MHB Is the Subgraph Isomorphism problem NP-complete?

[evinda]

Hello! (Wave)Subgraph isomorphism

We have the graphs $G_1=(V_1,E_1), G_2=(V_2,E_2)$.

Question: Is the graph $G_1$ isomorphic to a subgraph of $G_2$ ?
(i.e. is there a subset of vertices of $G_2, V \subseteq V_2$ and subset of the edges of $G_2, E \subseteq E_2$ such that $|V|=|V_1|$ and $|E|=|E_1|$ and is there a one-to-one matching of the vertices of $G_1$ at the subset of vertices $V$ of $G_2, f:V_1 \to V$ such that $\{u,v\} \in E_1 \Leftrightarrow \{ f(u),f(v) \} \in E$)

• Show that the problem Subgraph isomorphism belongs to NP.
• Show that the problem is NP-complete reducing the problem Clique to it. (Hint: consider that the graph $G_1$ is complete)

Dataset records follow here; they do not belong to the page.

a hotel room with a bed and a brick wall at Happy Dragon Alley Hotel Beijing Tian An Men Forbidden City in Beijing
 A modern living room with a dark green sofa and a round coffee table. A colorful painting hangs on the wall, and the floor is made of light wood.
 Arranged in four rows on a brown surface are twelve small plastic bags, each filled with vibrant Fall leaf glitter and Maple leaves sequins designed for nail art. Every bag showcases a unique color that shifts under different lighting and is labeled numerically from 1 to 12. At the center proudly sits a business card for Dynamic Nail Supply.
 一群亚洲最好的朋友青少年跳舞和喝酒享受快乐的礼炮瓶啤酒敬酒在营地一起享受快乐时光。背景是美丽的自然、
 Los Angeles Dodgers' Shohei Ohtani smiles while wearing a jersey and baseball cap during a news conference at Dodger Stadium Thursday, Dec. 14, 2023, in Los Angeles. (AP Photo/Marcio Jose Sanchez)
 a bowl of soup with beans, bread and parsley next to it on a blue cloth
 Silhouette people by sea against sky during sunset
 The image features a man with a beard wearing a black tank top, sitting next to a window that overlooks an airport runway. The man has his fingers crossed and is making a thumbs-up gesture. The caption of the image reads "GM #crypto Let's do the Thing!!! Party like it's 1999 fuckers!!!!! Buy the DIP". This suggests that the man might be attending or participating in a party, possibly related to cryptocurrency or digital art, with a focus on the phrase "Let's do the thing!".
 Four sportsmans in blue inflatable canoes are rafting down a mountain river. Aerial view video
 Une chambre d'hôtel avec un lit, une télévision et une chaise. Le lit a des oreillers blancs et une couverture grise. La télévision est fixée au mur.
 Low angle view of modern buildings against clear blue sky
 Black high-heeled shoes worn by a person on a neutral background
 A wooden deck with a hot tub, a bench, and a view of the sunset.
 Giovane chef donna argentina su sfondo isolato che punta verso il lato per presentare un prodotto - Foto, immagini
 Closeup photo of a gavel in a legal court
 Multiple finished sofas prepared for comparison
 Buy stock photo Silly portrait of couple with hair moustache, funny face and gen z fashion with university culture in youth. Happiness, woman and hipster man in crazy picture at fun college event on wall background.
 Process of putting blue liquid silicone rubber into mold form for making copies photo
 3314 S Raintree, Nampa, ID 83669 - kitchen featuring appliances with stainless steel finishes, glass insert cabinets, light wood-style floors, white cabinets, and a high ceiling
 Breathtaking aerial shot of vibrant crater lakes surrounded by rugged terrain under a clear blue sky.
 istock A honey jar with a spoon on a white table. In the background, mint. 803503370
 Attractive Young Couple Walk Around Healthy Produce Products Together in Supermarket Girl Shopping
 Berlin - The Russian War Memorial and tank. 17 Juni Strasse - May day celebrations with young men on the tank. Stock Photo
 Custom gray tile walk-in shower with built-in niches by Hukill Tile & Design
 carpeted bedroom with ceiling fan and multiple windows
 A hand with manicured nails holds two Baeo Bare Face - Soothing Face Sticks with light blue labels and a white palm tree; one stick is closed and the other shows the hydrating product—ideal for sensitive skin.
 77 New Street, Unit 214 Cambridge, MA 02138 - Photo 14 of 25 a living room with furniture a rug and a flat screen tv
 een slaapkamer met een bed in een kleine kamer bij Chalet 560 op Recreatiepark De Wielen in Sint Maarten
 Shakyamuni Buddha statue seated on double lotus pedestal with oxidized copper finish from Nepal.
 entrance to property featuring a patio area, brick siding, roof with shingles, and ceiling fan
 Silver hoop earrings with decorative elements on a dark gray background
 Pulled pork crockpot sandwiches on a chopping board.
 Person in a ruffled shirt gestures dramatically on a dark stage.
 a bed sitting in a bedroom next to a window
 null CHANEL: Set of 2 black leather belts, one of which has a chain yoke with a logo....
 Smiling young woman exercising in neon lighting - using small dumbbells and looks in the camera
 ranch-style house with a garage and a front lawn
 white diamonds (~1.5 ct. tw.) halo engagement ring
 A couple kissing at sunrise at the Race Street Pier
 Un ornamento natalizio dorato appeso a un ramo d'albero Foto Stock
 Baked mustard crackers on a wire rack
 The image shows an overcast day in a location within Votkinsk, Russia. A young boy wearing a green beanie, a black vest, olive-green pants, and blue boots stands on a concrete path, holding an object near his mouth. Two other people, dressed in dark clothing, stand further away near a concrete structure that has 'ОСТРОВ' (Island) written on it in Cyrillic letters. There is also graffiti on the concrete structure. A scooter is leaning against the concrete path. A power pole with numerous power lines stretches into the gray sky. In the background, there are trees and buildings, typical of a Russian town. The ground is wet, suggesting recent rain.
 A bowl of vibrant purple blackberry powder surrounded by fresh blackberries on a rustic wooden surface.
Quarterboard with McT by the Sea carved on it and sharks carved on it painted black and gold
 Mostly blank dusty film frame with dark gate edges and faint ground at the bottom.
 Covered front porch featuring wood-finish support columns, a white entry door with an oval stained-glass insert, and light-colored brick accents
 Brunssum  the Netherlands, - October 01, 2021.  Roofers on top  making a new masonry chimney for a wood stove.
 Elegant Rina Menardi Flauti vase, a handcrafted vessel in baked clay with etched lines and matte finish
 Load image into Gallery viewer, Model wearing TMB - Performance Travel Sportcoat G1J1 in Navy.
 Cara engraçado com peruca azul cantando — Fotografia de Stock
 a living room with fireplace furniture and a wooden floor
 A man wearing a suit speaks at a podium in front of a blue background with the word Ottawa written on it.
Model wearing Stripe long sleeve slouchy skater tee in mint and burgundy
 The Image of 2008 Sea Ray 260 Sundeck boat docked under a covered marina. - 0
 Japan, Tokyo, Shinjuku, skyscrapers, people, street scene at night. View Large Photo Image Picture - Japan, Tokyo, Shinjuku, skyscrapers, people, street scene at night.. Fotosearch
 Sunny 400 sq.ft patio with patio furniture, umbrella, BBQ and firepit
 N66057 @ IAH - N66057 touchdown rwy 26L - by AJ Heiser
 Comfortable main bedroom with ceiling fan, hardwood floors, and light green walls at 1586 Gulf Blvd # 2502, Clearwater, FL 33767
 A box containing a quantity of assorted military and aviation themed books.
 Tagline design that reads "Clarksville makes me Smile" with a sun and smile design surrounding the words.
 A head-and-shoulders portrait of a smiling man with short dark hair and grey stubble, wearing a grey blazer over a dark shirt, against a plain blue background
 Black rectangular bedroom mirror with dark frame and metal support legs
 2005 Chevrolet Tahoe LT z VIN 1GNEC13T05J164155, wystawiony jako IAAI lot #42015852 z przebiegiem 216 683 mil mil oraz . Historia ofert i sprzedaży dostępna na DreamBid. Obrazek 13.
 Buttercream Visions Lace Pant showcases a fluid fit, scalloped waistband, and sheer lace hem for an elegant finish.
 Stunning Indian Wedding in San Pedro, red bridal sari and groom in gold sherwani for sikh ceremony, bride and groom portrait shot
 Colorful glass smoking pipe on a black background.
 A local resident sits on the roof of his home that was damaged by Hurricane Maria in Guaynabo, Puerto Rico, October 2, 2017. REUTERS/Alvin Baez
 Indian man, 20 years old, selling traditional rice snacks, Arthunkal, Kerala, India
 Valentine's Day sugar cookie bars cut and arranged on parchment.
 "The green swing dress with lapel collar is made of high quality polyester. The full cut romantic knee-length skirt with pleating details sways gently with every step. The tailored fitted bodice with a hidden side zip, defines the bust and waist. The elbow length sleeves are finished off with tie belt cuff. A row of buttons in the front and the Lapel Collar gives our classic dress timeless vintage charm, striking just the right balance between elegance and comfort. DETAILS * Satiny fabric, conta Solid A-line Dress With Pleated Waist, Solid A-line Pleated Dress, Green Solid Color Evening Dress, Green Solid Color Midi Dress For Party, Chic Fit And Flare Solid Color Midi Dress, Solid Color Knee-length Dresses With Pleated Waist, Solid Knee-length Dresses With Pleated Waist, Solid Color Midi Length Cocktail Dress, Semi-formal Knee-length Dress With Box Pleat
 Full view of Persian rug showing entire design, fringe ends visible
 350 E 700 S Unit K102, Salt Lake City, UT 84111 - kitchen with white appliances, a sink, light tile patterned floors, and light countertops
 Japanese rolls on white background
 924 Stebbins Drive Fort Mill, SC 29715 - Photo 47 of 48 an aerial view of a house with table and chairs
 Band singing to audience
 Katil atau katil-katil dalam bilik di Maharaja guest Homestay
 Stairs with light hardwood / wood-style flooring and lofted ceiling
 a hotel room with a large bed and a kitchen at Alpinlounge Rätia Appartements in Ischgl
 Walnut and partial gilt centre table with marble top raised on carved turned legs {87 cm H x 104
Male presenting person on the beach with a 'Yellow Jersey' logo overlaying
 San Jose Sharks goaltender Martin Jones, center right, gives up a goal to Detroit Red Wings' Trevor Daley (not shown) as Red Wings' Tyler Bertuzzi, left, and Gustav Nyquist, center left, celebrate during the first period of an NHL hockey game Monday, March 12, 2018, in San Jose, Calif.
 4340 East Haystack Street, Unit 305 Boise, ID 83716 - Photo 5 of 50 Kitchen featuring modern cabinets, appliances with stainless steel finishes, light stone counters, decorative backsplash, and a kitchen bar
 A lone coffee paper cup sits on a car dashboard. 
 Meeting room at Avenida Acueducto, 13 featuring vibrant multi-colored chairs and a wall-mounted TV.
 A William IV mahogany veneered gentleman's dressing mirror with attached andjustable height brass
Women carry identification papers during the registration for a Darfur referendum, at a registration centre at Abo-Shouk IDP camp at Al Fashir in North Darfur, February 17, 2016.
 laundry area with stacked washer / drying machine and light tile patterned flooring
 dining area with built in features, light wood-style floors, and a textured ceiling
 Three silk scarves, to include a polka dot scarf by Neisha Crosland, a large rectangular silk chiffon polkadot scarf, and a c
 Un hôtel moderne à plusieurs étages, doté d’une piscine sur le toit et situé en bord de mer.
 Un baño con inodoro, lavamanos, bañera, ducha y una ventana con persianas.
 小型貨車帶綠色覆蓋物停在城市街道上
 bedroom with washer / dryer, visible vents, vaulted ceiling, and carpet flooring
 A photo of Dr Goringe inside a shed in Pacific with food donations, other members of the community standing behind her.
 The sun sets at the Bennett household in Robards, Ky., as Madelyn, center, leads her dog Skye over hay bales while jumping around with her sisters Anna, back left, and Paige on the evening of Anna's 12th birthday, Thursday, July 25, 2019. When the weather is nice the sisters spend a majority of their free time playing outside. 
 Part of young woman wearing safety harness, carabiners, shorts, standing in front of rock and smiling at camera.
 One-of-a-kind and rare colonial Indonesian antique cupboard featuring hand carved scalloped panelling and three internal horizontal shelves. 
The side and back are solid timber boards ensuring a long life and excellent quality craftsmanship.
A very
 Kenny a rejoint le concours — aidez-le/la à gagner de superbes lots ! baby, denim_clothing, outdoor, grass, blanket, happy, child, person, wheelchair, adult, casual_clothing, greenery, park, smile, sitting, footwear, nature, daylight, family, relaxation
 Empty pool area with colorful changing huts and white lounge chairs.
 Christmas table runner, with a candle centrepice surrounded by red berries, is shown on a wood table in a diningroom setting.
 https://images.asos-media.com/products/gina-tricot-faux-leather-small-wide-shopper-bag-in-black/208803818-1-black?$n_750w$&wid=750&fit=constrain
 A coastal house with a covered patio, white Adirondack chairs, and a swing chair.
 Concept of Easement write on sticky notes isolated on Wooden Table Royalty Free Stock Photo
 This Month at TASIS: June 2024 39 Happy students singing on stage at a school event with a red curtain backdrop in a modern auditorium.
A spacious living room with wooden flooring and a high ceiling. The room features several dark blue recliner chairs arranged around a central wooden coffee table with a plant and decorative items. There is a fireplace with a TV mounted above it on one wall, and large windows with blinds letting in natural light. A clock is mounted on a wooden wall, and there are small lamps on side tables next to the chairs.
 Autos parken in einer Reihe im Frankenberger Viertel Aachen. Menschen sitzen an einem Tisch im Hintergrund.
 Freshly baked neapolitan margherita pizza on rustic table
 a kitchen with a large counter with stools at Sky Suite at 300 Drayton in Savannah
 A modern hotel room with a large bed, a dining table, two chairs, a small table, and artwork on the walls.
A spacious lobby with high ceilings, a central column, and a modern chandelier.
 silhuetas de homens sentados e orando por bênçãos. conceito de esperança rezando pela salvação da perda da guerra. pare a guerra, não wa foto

I have tried the following:

• A non-deterministic Turing machine first "guesses" the subset of nodes $V$ and the subset of edges $E$ of $G_2$ and after that it verifies that $|V|=|V_1|$ and $|E|=|E_1|$ and that there is a one-to-one correspondence $f: V_1 \to V$ such that $\{u,v\} \in E_1 \Leftrightarrow \{ f(u), f(v) \} \in E $.
  Since there are $O(|V_2|^2)$ different pairs of vertices, the check requires polynomial time. So the problem belongs to NP.
• Let $(G,k)$ an arbitrary instance of the clique problem, where $k$ is the number of vertices of the clique.
  We can construct an instance of the Subgraph isomorphism problem in polynomial time as follows:
  $G_2$ is a graph on $n$ vertices.
  $G_1$ is a complete graph on $k$ vertices, for some $k \leq n$.
  Let $G=G_2$.
  The problem Subgraph Isomorphism has a solution iff there is a complete subgraph of $G_2$ with $k$ vertices, i.e. iff the graph $G$ has a complete subgraph with $k$ vertices.
  Thus, the instance of the problem Subgraph Isomorphism has a solution iff the initial instance of the problem Clique has a solution.
  Therefore, the problem Subgraph Isomorphism is NP-complete.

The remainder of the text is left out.